“I think a lot of people would have said that this problem is impossible to crack,” says Vosshall. “The fact that we’ve made any progress at all was surprising.”
This has been hard, she says, for two reasons. First, it's hard to know which aspects of a molecule contribute to its odor. We know that the wavelength of light determines its color—simple. But a molecule’s smell might depend on the number of carbon atoms it has, how stable it is, and the chemical branches that protrude from it. Second, scientists who study smell have understandably focused on molecules that are relevant to the food and perfume industries. That’s like trying to understand color vision by only studying red, and ignoring blue and green. “It’s a cramped space,” she says. “We tried to break out.”

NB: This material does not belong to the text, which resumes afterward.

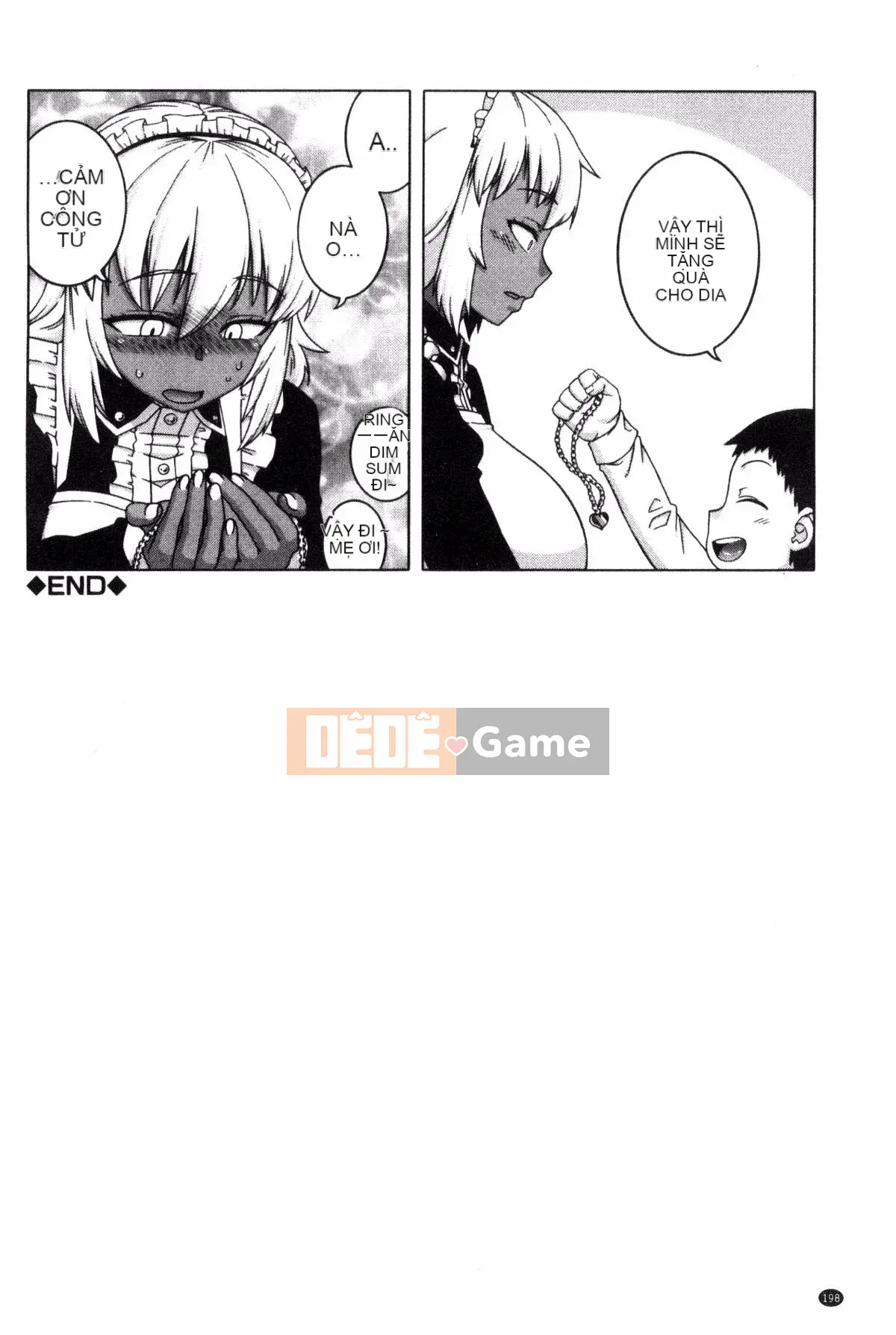 [Kazeteki Koubou][Takatsu] Cô hầu gái thân yêu của tôi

She and colleague Andreas Keller began by collecting a much broader range of 480 molecules—including unfamiliar, unpleasant, and even odorless ones. They then presented these chemicals to 55 volunteers, whom they recruited through Craigslist. The participants visited the lab and worked their way through rack upon rack of glass vials, opening and inhaling. They noted whether they smelled anything at all. If so, they rated the scents along several categories. How intense or pleasant is it? How garlicky? Fishy? Fruity?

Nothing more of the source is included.